友人に有償でペットを預けているときにペットが死んでしまったら、損害賠償を請求できるでしょうか?
■ペットを預かった友人に、「過失」があれば、過失行為から生じた損害賠償を請求することができます。
○「過失」とは、やるべきことをやらなかったという意味で、「注意義務違反」ともいわれます。
■ペットを預けることは、法的には、物の保管をお願いすることなので、寄託契約(民法657条以下)にあたります。
■寄託契約には、2 つの種類があります。
○無償寄託(報酬の支払いがない寄託)
○有償寄託(報酬の支払いがある寄託)
■無償寄託と有償寄託とでは、何かトラブルがおきたときの、ペットを預かった者の責任の重さが違ってきます。

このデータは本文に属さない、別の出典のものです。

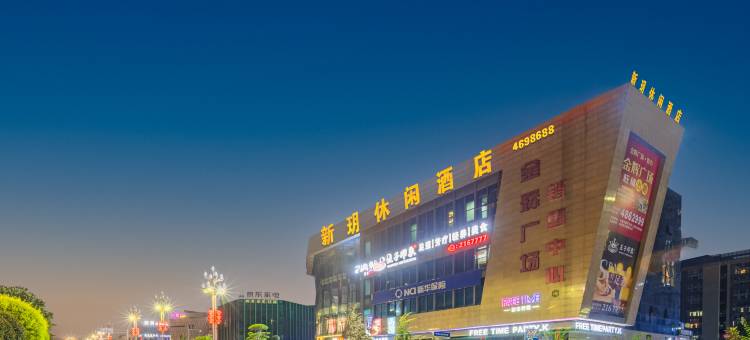 华蓥新玥休闲酒店图片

■友人に、報酬を支払ってペットを預けたときは、有償寄託にあたります。
●有償寄託の場合は、ペットを預かった友人は、善良なる管理者の注意義務を負います。
●善良なる管理者の注意義務(民法400条)とは
○その人の職業や社会的地位に応じて一般的に要求される注意義務です。
○自己の財産におけると同一の注意義務より重たい責任です。
■商人(自営業者・会社など)が、その営業の範囲内において寄託を受けたときは、報酬を受けないとき(無償)でも、
善管注意義務を負います。(商法593条)
○ペットショップや動物病院が、無償で預かったときは、善管注意義務を負います。
○プロである以上、無償であっても責任が軽減されることはありません。